JKTOne.com – Belakangan, dunia maya diramaikan tudingan bahwa film Superman yang sedang tayang di bioskop adalah gambaran dari konflik Israel – Palestina. Benarkah?
Di awal film garapan sutradara James Gunn itu disebutkan bahwa Boravia, sebuah negara fiksi di Eropa Timur yang merupakan sekutu AS, menyerbu negara fiksi lain bernama Jarhanpur. Kontras antara kedua negara ini sangat mencolok: Boravia memiliki kekuatan militer yang sangat kuat, terlihat dari banyaknya tank, Humvee, dan tentara bersenjata lengkap.
Sementara itu, Jarhanpur digambarkan sebagai negara yang miskin; rakyatnya hanya membawa batu, tongkat, dan bendera. Selain itu, para pemeran warga Jarhanpur adalah aktor keturunan Timur Tengah, Asia Selatan, dan Afrika, sedangkan warga Boravia diperankan oleh aktor-aktor kulit putih. Sulit untuk tidak melihat perbedaan ini dan menganggap bahwa Boravia dan Jarhanpur merupakan representasi dari Israel dan Palestina.

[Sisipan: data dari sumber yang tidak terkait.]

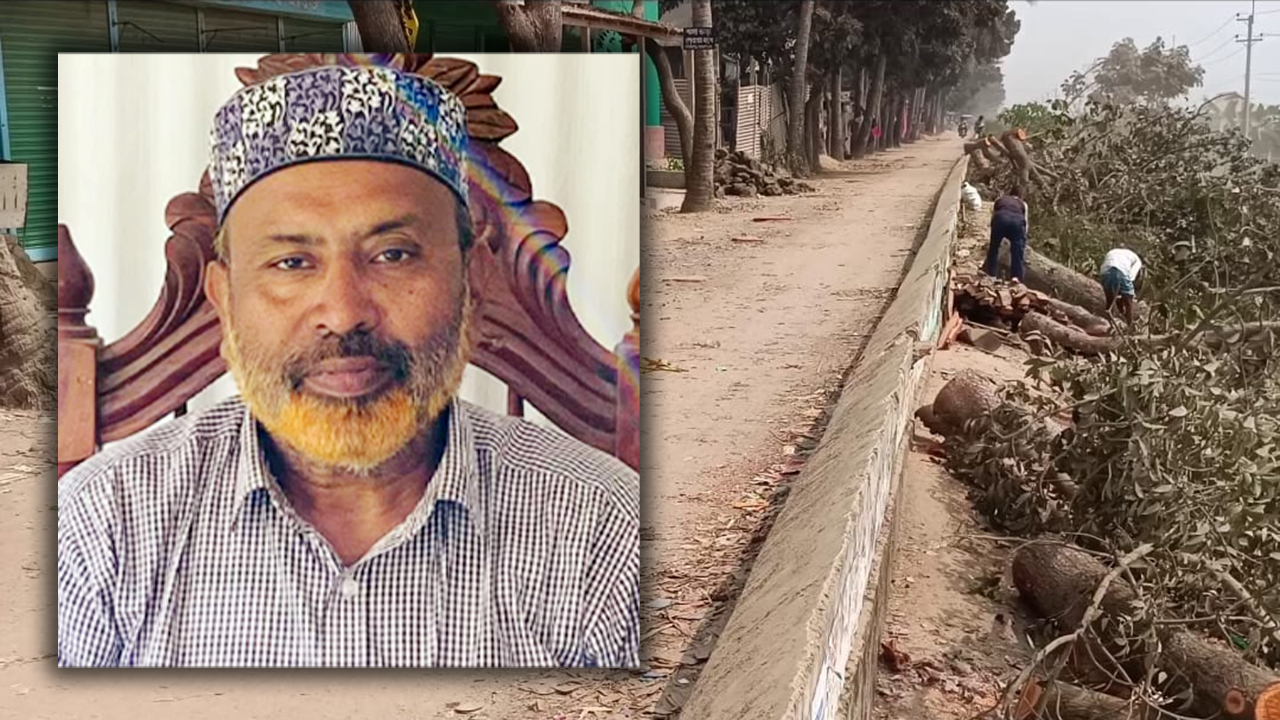 বেড়িবাঁধের গাছ কাটায় মামলা, বিএনপি নেতার সব পদ স্থগিত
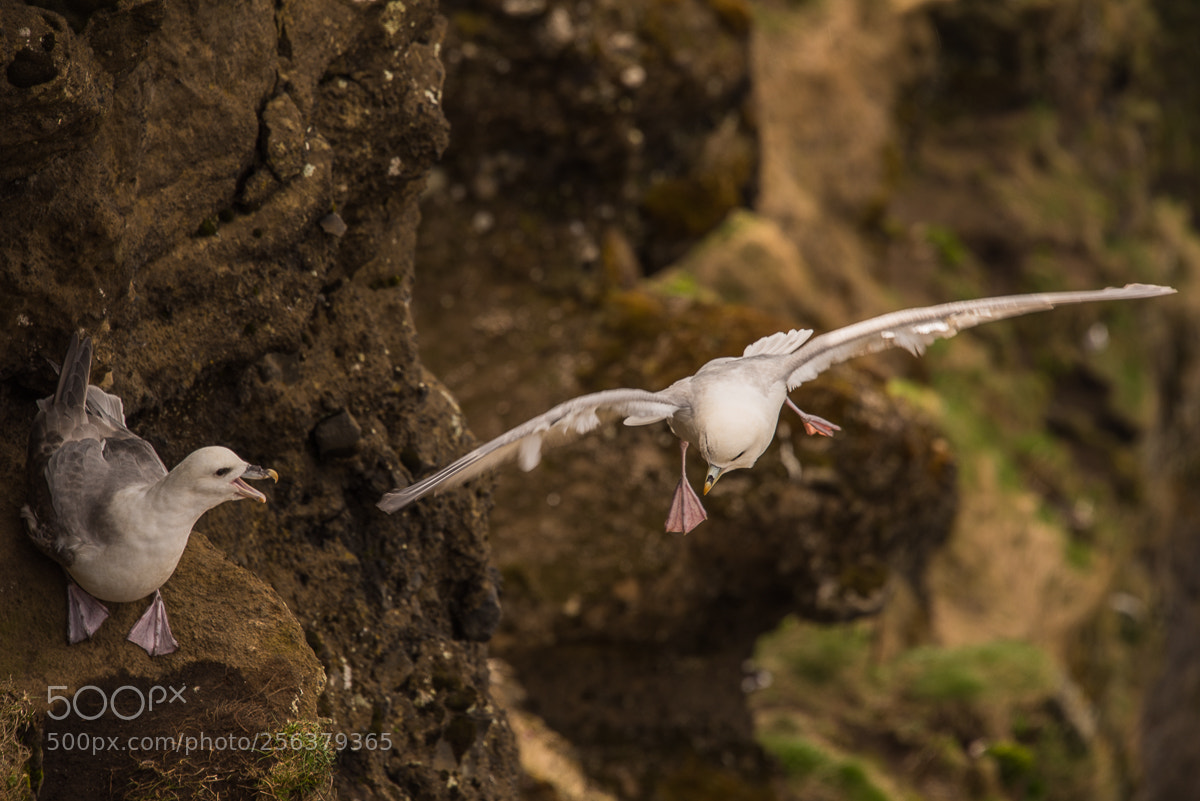 Nikon D750 sample photo. Fulmar mating season photography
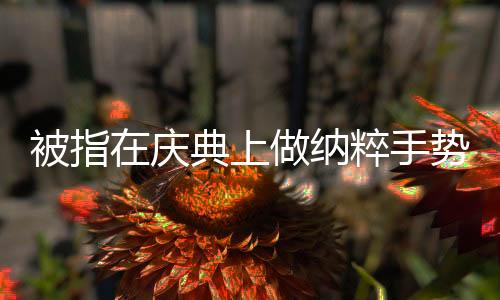 被指在慶典上做納粹手勢(shì)，馬斯克回應(yīng)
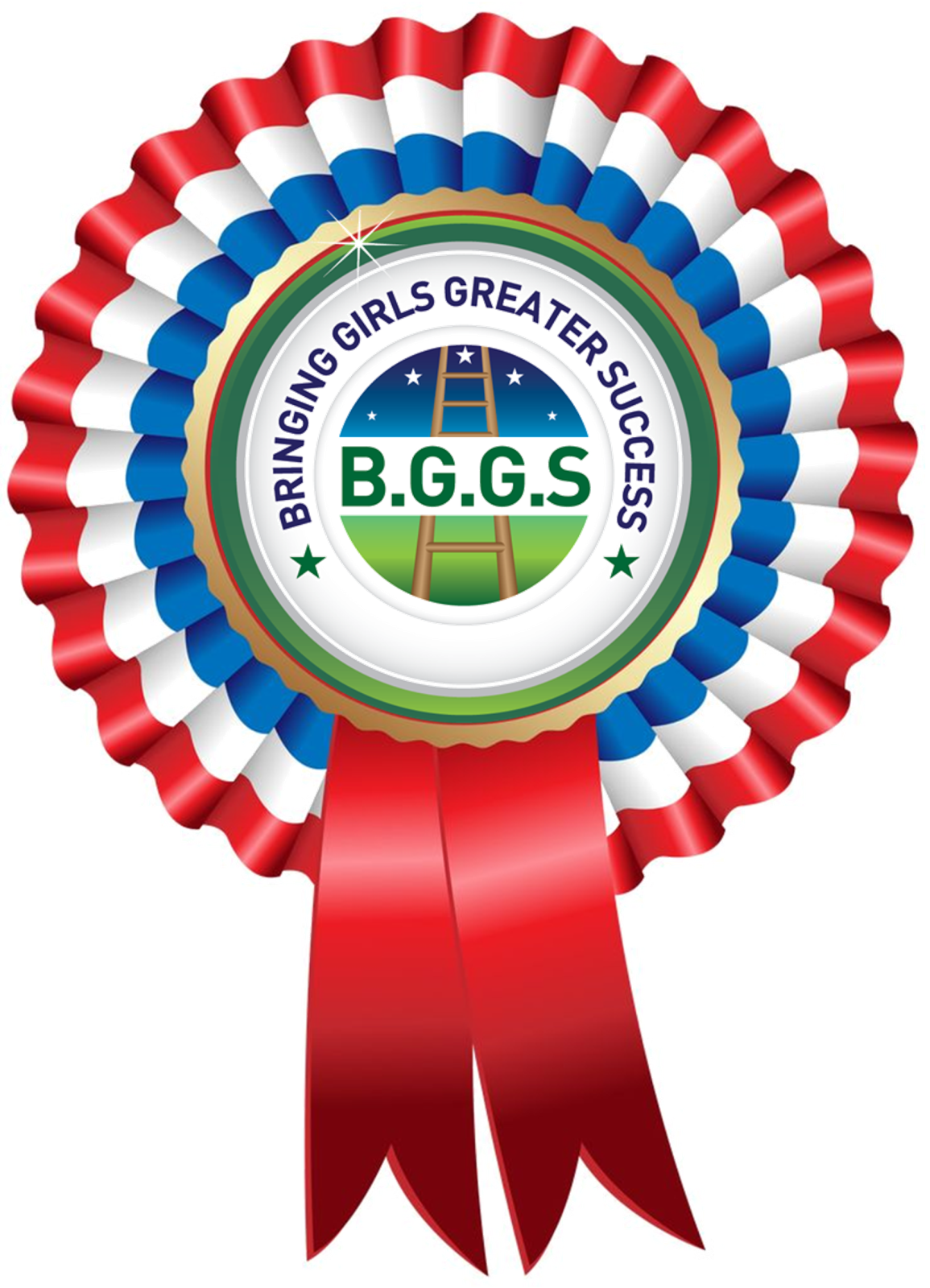 Rosette with BGGS logo in the cntre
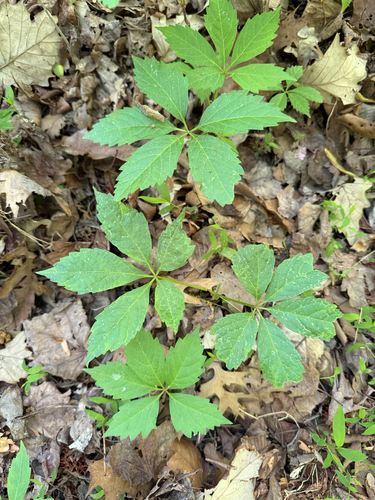 Virginia creeper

Pemerintah AS dan sebagian besar masyarakat umum marah kepada Superman karena dia turun tangan dan menghentikan invasi Boravia ke Jarhanpur. Dalam sebuah adegan ketika Lois mewawancarai Clark alias Superman, ia menyudutkan Clark tentang haramnya masuk secara ilegal ke suatu negara dan tidak berkonsultasi dengan Menteri Pertahanan AS atau Presiden Boravia, Vasil Ghurkos. Superman terlihat frustrasi dan menegaskan bahwa ia tidak mewakili AS atau negara manapun, melainkan bertindak atas kehendaknya sendiri untuk menyelamatkan warga sipil.

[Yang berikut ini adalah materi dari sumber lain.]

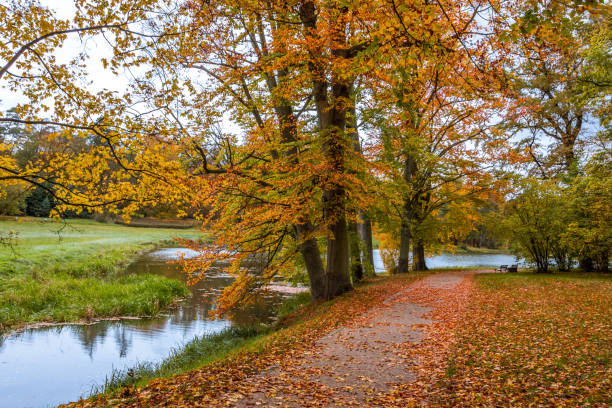 istock Autumn colors in the park 1288156974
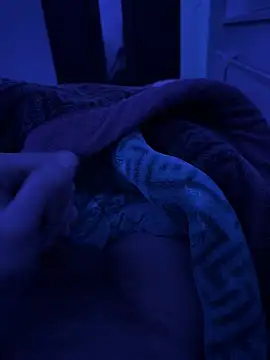 Snapshot of jafop098864 chatting on March 2026 03:20:01 AM jafop098864 online show from March 2026 03:20:01 AM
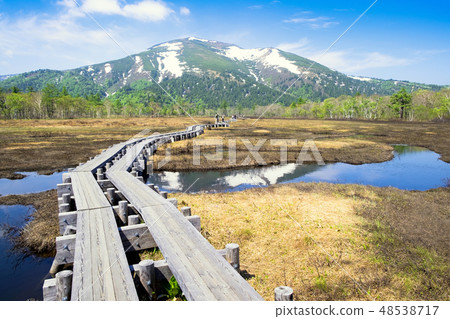 反映在樹路和池塘的佛山 48538717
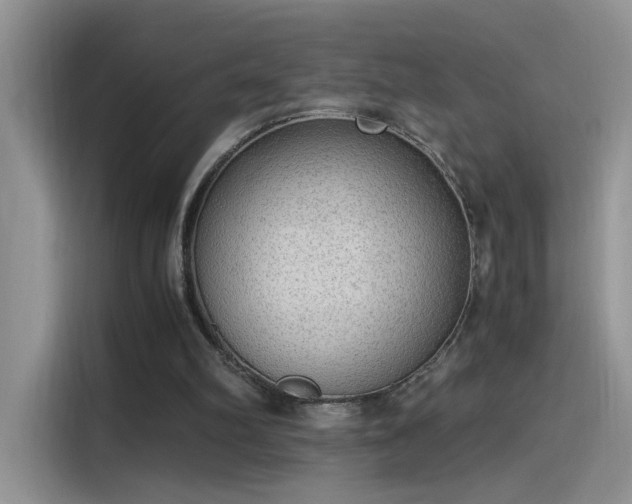 X0000115440102200911121131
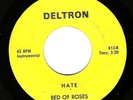 MICHIGAN GARAGE PSYCH 45 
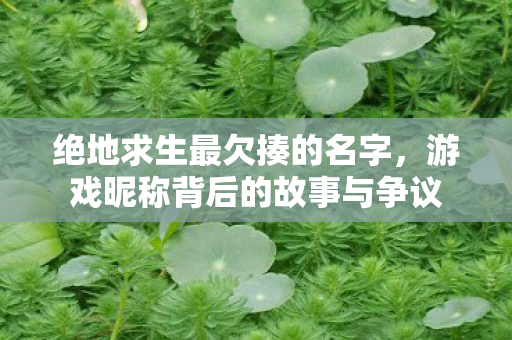 绝地求生最欠揍的名字，游戏昵称背后的故事与争议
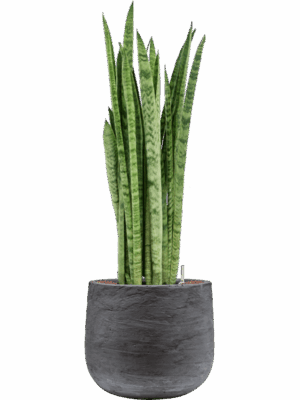 Sansevieria Zeylanica Narrow In Baq Algar D 22 H 95 cm - PlantenShop24 - 04-08-2025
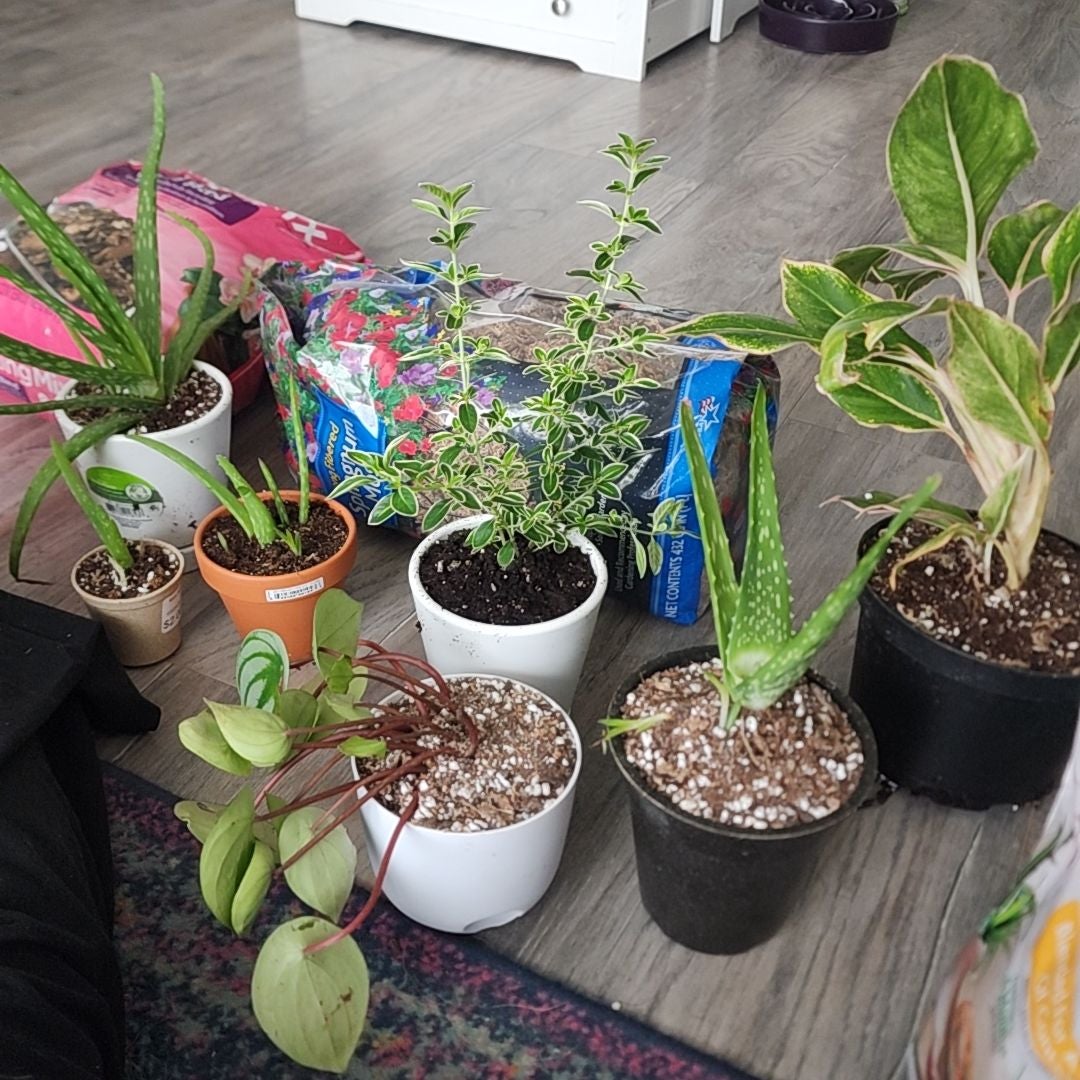 @addicted2growth avatar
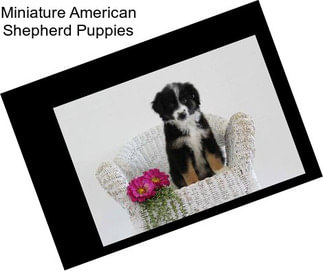 Miniature American Shepherd Puppies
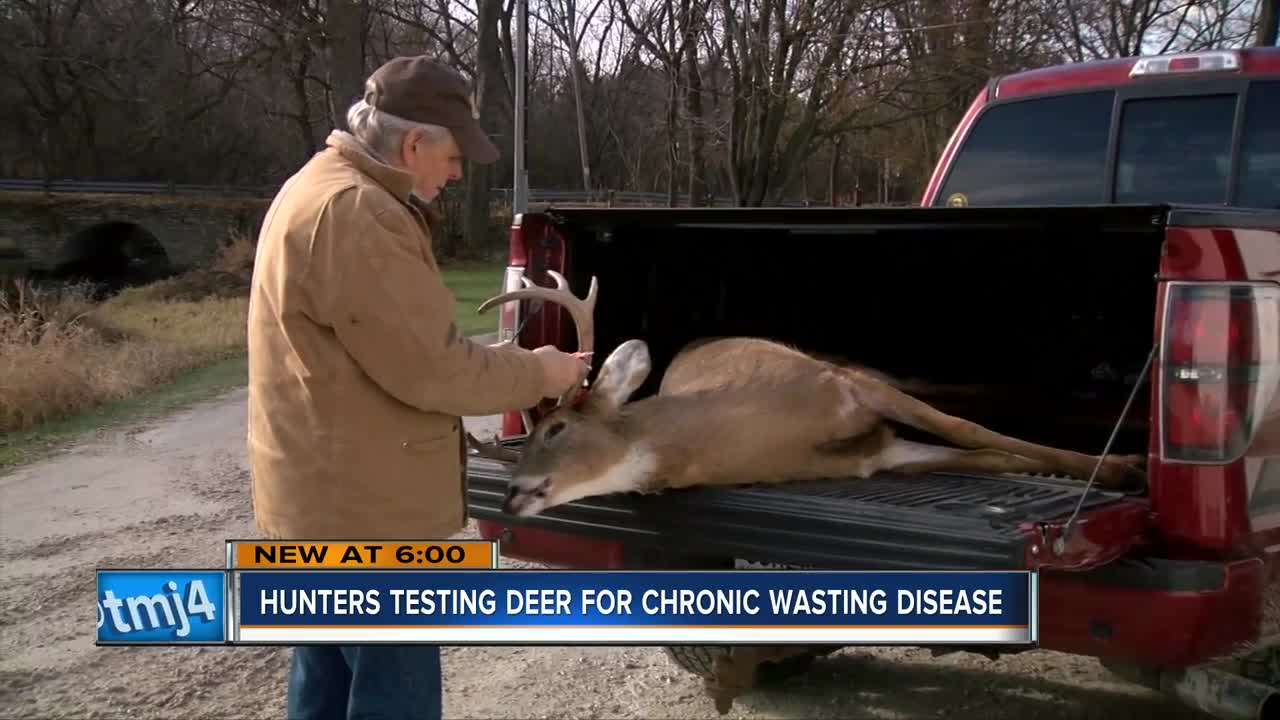 Chronic Wasting Disease testing ramps up during gun deer season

Dalam perdebatan mereka, Lois sempat menyebut bahwa Jarhanpur “bukan negara yang polos” dan bahwa tindakan Superman justru bisa berujung pada mengganti satu rezim tiran dengan rezim tiran lainnya. Ini mengingatkan pada propaganda Zionis yang menjelekkan rakyat Palestina melalui narasi orientalis dan islamofobik: “mereka membenci perempuan,” “mereka mengeksekusi kelompok LGBTQ,” “mereka memilih Hamas,” “mereka anti-Semit”—semuanya digunakan untuk membenarkan genosida dan pembersihan etnis. Superman menanggapi dengan mengatakan bahwa rakyat Jarhanpur tidak perlu menjadi sempurna untuk dibela dari pembantaian.
Alegori tidak berhenti sampai di situ. Di akhir cerita, terungkap bahwa sang miliarder tiran Lex Luthor yang ternyata memasok senjata ke Boravia dengan imbalan sebagian besar wilayah Jarhanpur.

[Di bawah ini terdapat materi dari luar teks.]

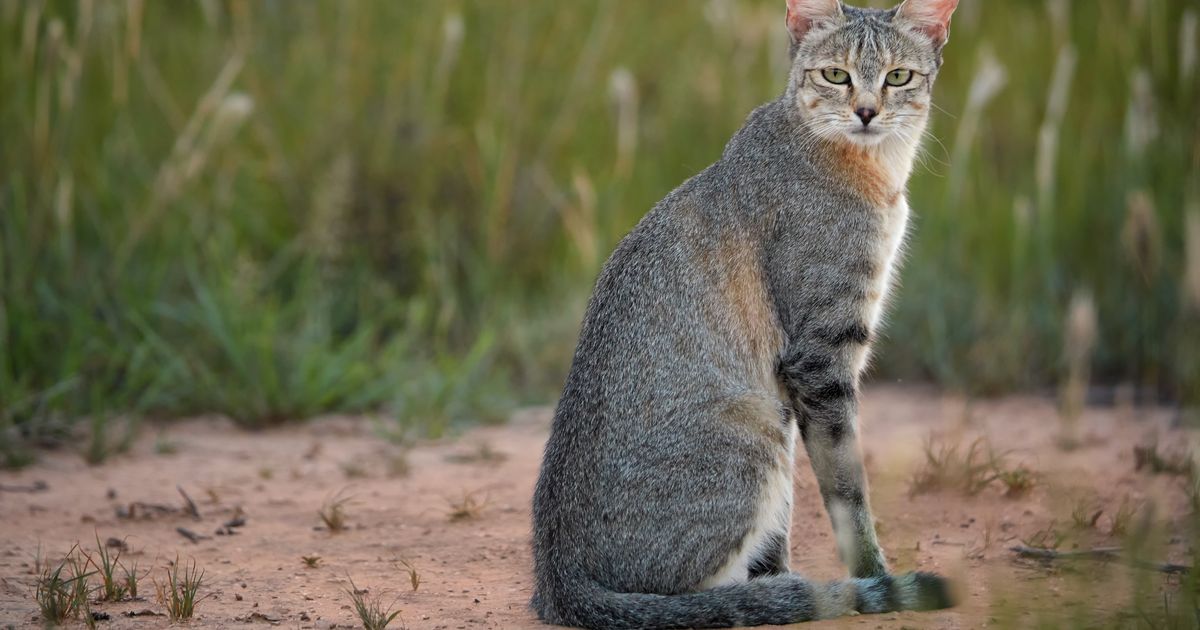 Ask Dr. Universe: Pet cats still have some of the insticts of their wild cousins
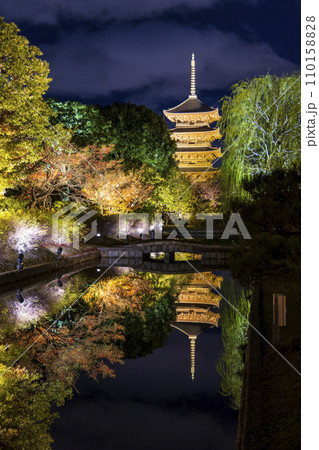 紅葉シーズン 夜のライトアップ (京都 東寺) 110158828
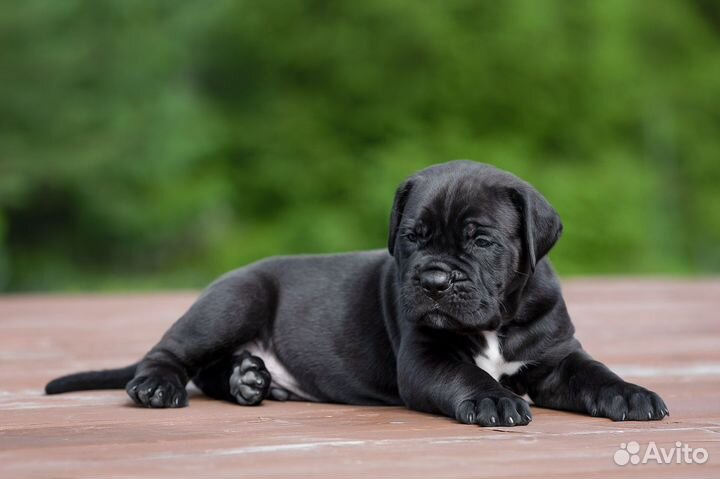 Шикарный чёрный мальчик кане корсо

Banyak yang merepresentasikan Luthor sebagai Presiden AS Donald Trump. Jika kita kaitkan dengan situasi Israel, AS bukan hanya sekadar membiarkan, tetapi juga secara aktif mendanai, mempersenjatai, dan mendukung kolonialisme pemukim serta genosida yang dilakukan Israel. Bahkan pada bulan Februari lalu, Trump sempat mengusulkan agar AS “mengambil alih” dan “memiliki” Jalur Gaza setelah warga Palestina terusir dari sana.
Tidak ada yang tahu apa maksud dan tujuan James Gunn, menggunakan plot cerita yang disebut-sebut sangat mirip dengan realitas yang sedang berlangsung ini. Tapi, bisa jadi Gunn tidak berniat membuat alegori tersebut, meski para penonton dan kritikus tetap akan melihat koneksi itu.
Di sisi lain, Gunn berhasil mengubah nuansa film ini menjadi berbeda dibandingkan dengan film-film Superman sebelumnya. Seperti film “Man of Steel” (2013) karya Zack Snyder, penggambaran Superman dan keluarga Kent terasa terlalu kelam. Sebaliknya, film baru Superman ini justru tidak malu-malu merangkul elemen fantasi dan komik khas semesta DC.